Reproduce the listing below exactly, except for its pictures.

Data excerpt
________________________________________

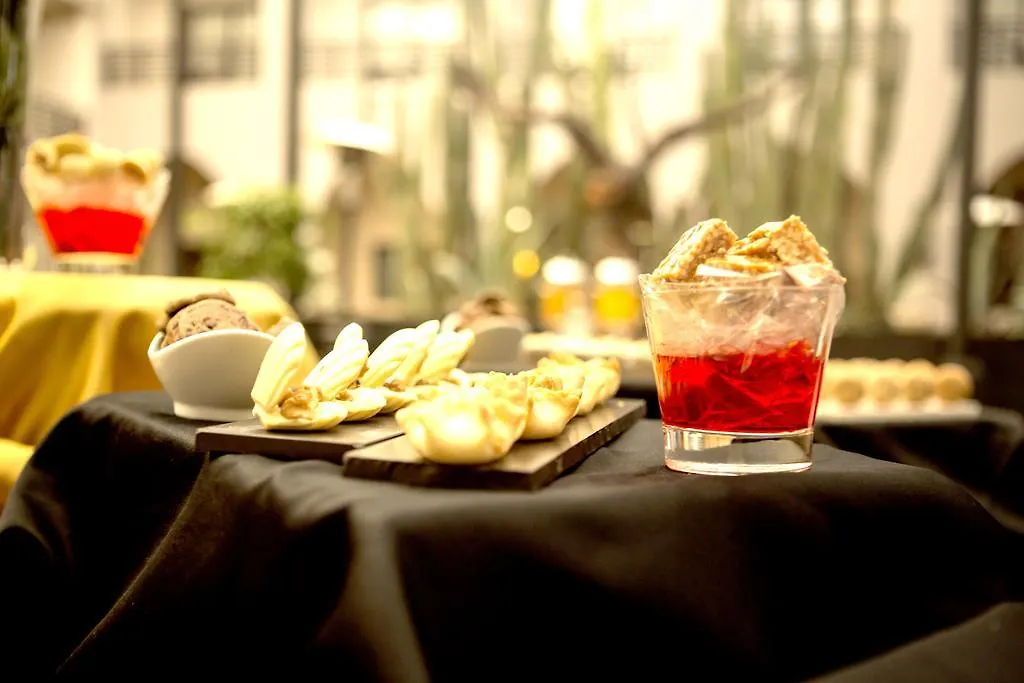 *****  Adam Park Marrakech Hotel & Spa Marrakesh Morocco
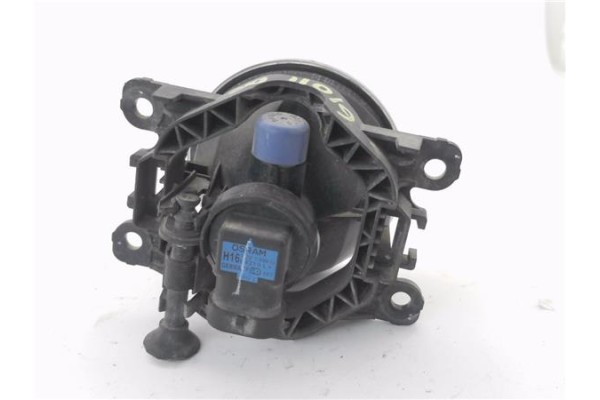 Recambio de faro antiniebla derecho para renault grand scénic iii (jz0/1_) 1.5 dci referencia OEM IAM 261500097R 89208691 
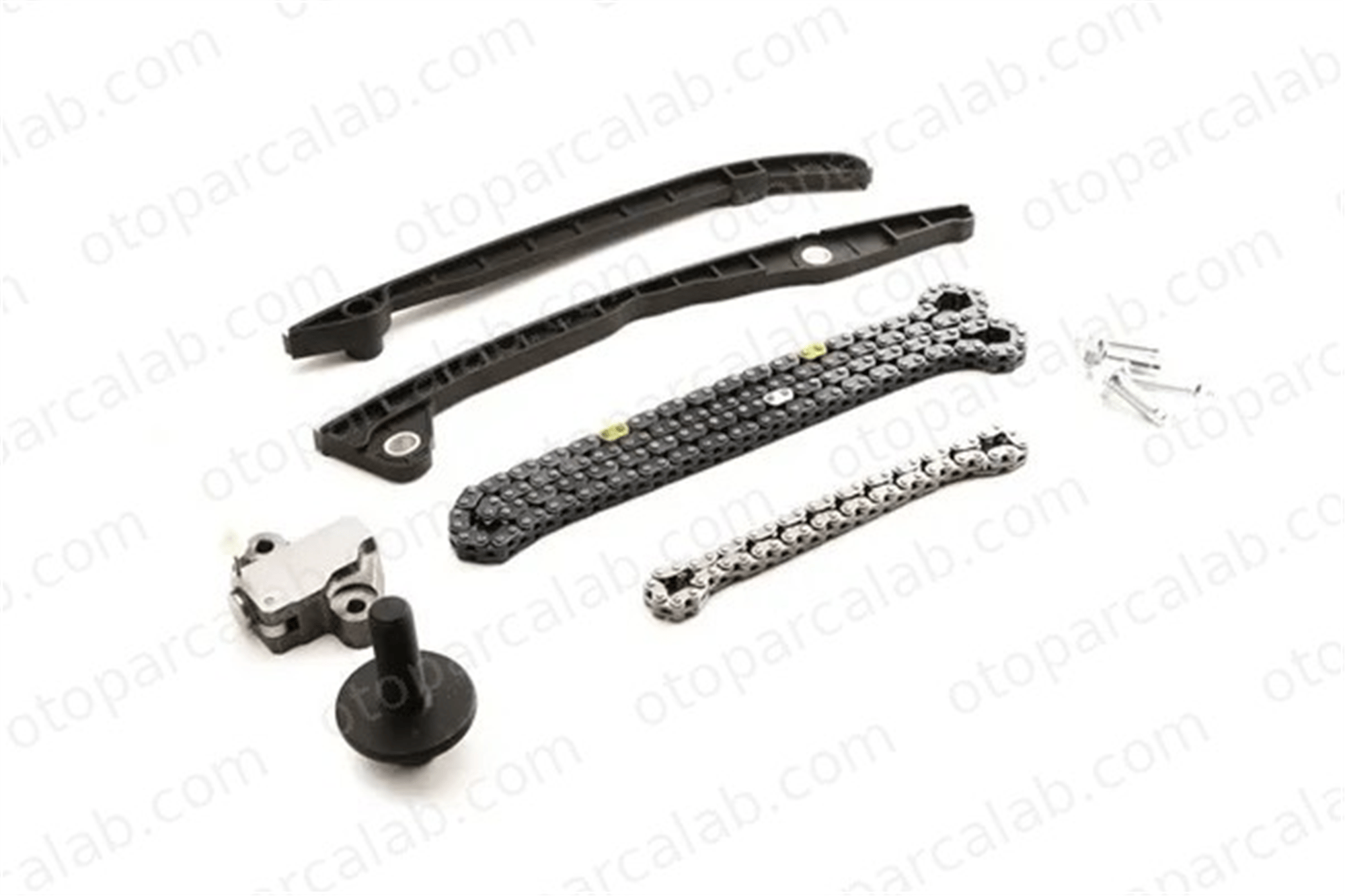 MGA 58080 Triger Zincir Seti RENAULT MEGANE IV Grandtour MEGANE IV Hatchback 8201715046 2009930300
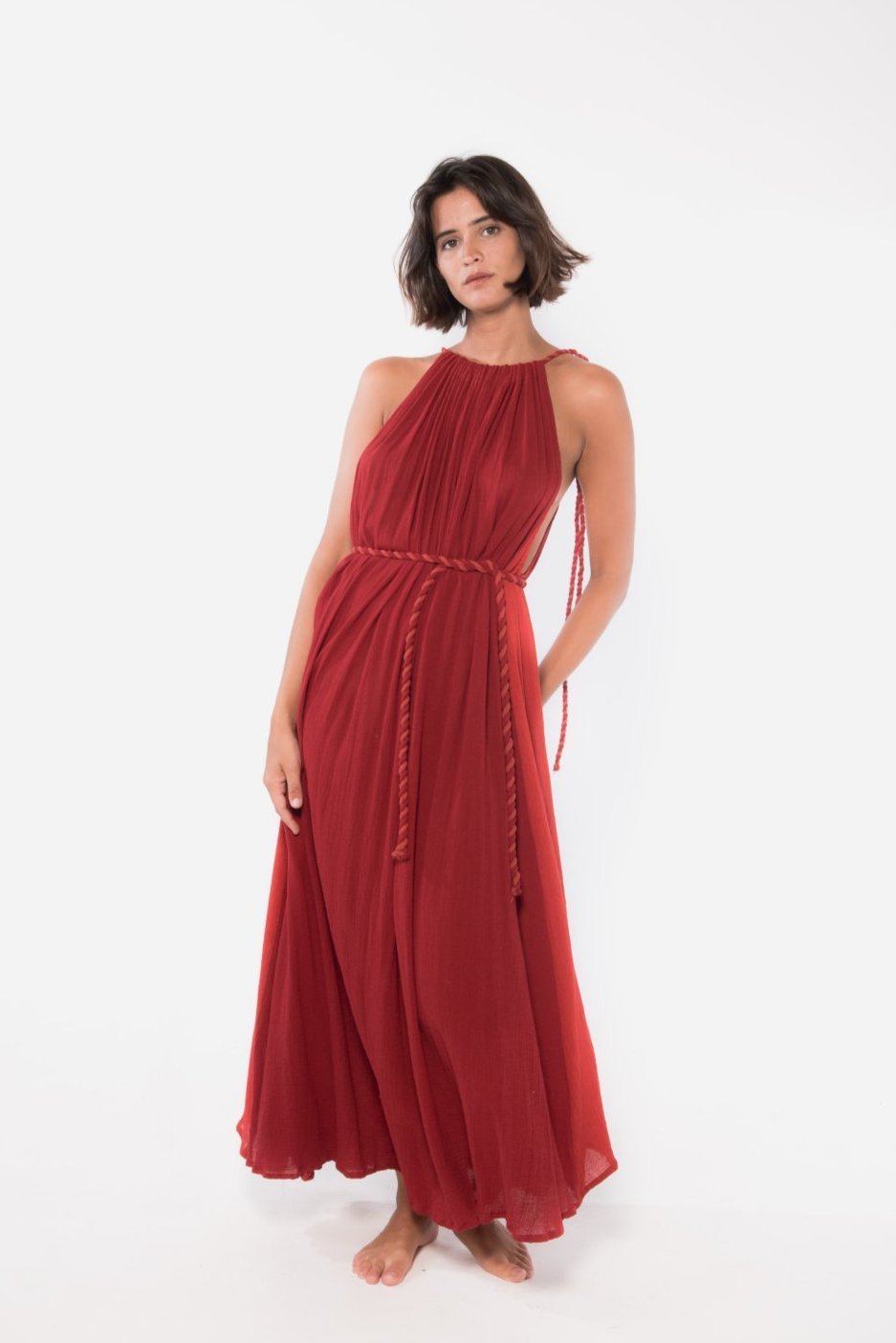 Vestido Pasion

________________________________________

Task result
 *****  Adam Park Marrakech Hotel & Spa Marrakesh Morocco
 Recambio de faro antiniebla derecho para renault grand scénic iii (jz0/1_) 1.5 dci referencia OEM IAM 261500097R 89208691 
 MGA 58080 Triger Zincir Seti RENAULT MEGANE IV Grandtour MEGANE IV Hatchback 8201715046 2009930300
 Vestido Pasion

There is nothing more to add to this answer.